Posso dizer que com mais de 24 anos de serviço, o meu vencimento num índice remuneratório quase de topo da carreira é hoje pouco superior, em termos líquidos, aquele que eu auferia no início da carreira.
Nos últimos dez anos nenhum dos índices remuneratórios da carreira de magistrado sofreu um único cêntimo de aumento.
Pelo contrário, a taxa de contribuições para a ADSE passou de 1,5 % em 2007 e foi sempre subindo até ao valor atual de 3,5 %, sendo que em contrapartida as comparticipações foram sendo reduzidas ao longo dos anos.
Durante o período da troika, entre 2011 e 2014, viram os seus vencimentos cortados em 10% e estiveram igualmente sujeitos aos congelamentos da função pública.
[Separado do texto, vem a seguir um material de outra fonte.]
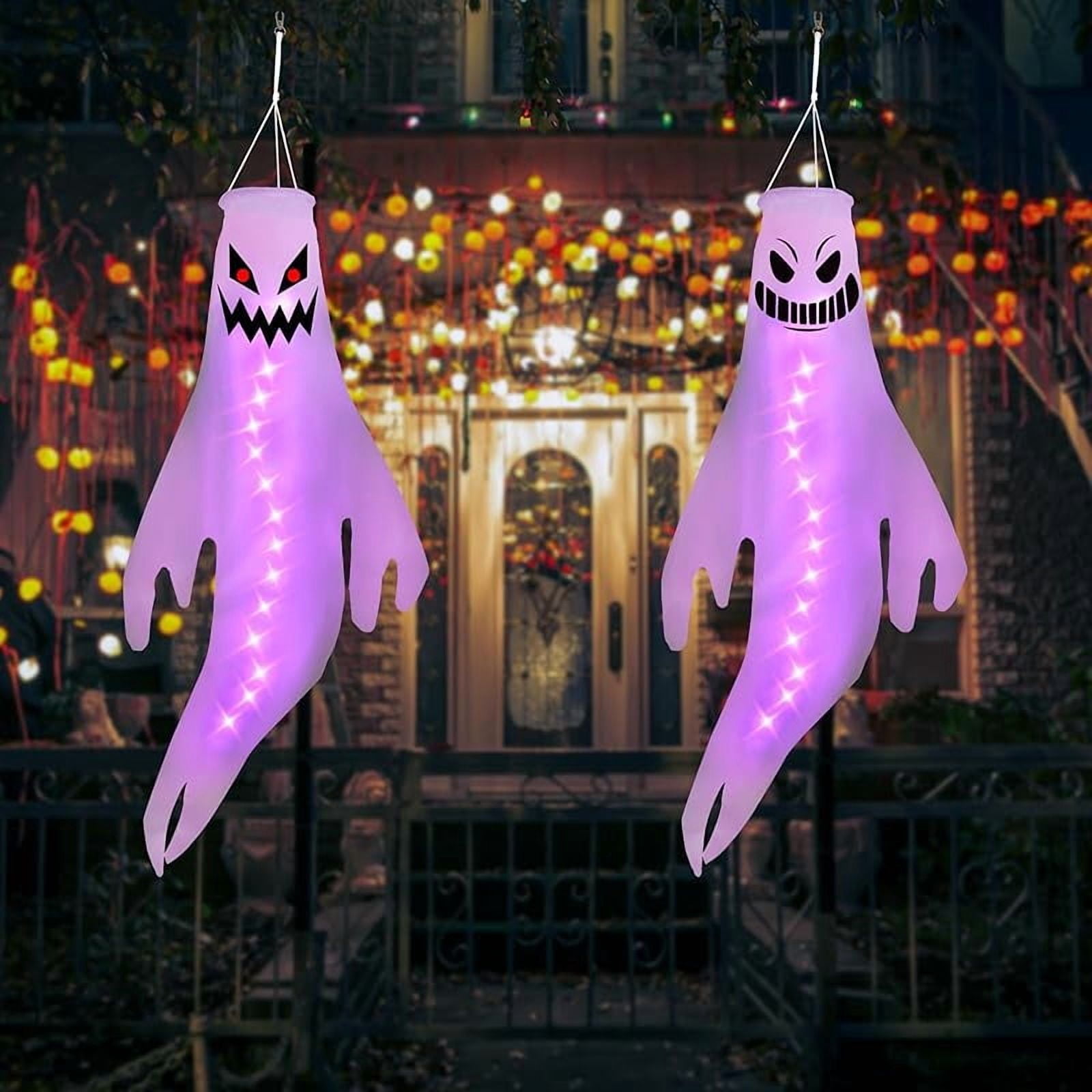 Ghost Windsock Geefuun 4PCS Warm Light Halloween Cute Ghost Windsocks Hanging ...
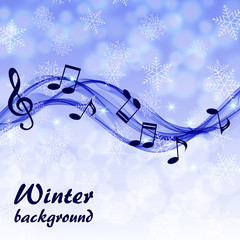 Abstract winter background with music notes and a treble clef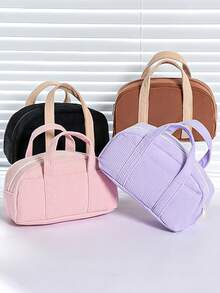 1pc Solid Color Simple Multifunctional Plush Portable Pencil Bag, Large Capacity Pencil Case, Unique, Dirt-Resistant, Storage Bag For Primary School Students,Teenagers And Girls - Multicolor - View 11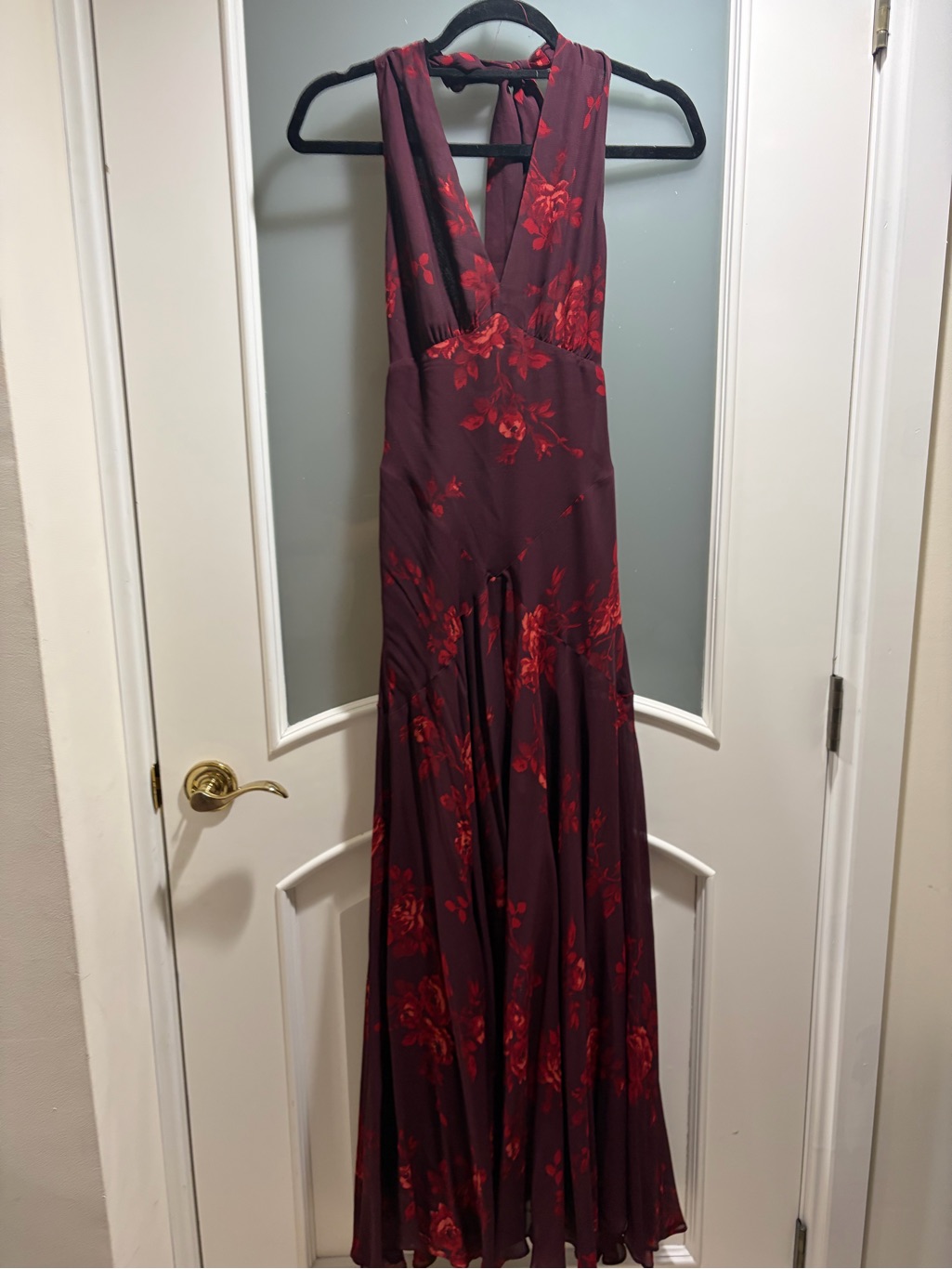 Reformation Burgundy Maxi Dress With Red Floral Print
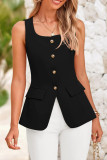 Square Neck Sleeveless Suit Vest
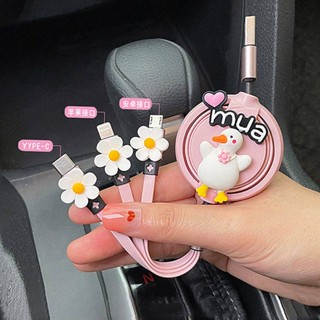 Car Data Cable One-Drag Three-in-One Charger Multi-Function Car Fast Charge Apple Type-c Android Telescopic s1D3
Da mesma forma a taxa média de IRS sofreu, nos últimos doze anos, um agravamento em, pelo menos, sete pontos percentuais, pelo que o rendimento que os magistrados levam hoje para casa em cada um dos escalões remuneratórios é manifestamente inferior aquele que auferiam em 2010.
É, assim, manifestamente falso que os magistrados tenham auferido qualquer aumento desde 2012.
Para além disso e de acordo com o último relatório da Comissão Europeia para a eficiência da justiça, datado de 22 de outubro de 2020 e relativo a dados de 2018, é possível observar que os magistrados portugueses são aqueles que na Europa apresentam um dos salários médios brutos mais baixos em comparação com o salário médio bruto nacional, ficando abaixo de países como a Lituânia, a Eslovênia, a Sérvia ou a Bulgária.
Por outro lado, em virtude da grave falta de magistrados do Ministério Público, são cada vez mais as situações em que os mesmos são chamados a acumular funções, tendo que exercer funções em mais de um tribunal, procuradoria ou secção de departamento da mesma comarca.
Não obstante estar prevista na lei o direito a um acréscimo remuneratório por esse exercício de funções em regime de acumulação e o mesmo ter sido reconhecido pelo Conselho Superior do Ministério Público, o que é certo é que desde 2019 o Governo tem-se sonegado a pagar as referidas acumulações, pelo que nenhum dos magistrados nessas circunstâncias recebeu um único cêntimo por esse serviço acrescido e cuja responsabilidade é decorrente da falta de investimento, por parte dos sucessivos governos, em recursos humanos e materiais para o Ministério Público exercer cabalmente as suas funções.